The palynological results are discussed against the original dataset published by Iversen (1942, 1947, 1954). The geographical proximity of Iversen’s original coring site and the high resolution of the presented analysis permits the possibility of re-evaluating the origin of the Bølling-Oscillation sensu Iversen. This study confirms Iversen’s interpretation of zone 1b as an independent climatic oscillation before the Allerød with one constraint. This is that the Bølling-Oscillation sensu Iversen does not reflect the migration of local tree birches, as had been previously assumed (Usinger 1985, 1998).
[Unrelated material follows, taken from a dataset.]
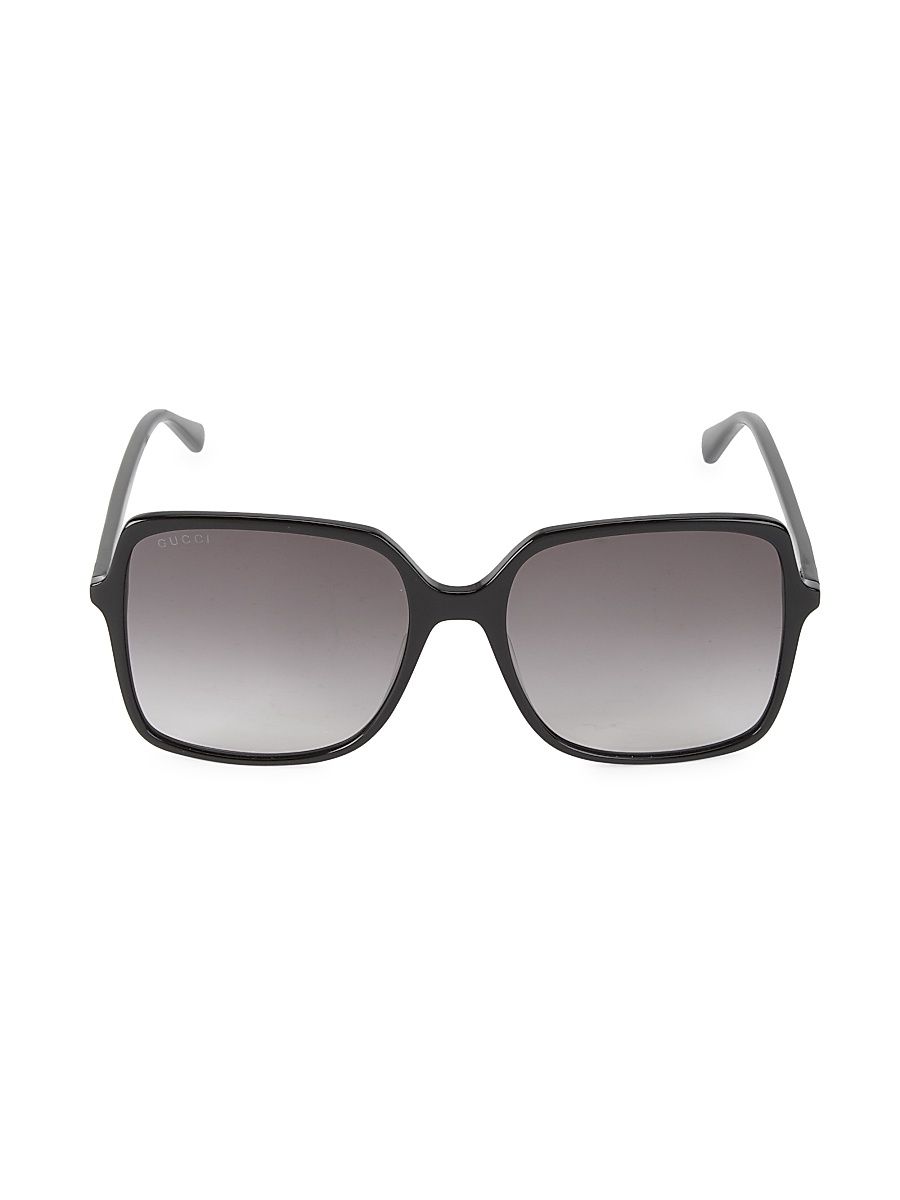 Women's 57MM Square Sunglasses - Black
However, a statistical comparison with well dated Lateglacial pollen sequences should be performed the in future.

Furthermore, we recommend utilizing the terms Meiendorf (regionally for northern Germany) and Bølling (for Denmark) equally as biostratigraphical expressions for the first interstadial of the Lateglacial, as is an already common habit in Lateglacial palynology. To prevent further confusion the term Bølling should be abolished as a designation for the early Allerød period in German pollen diagrams.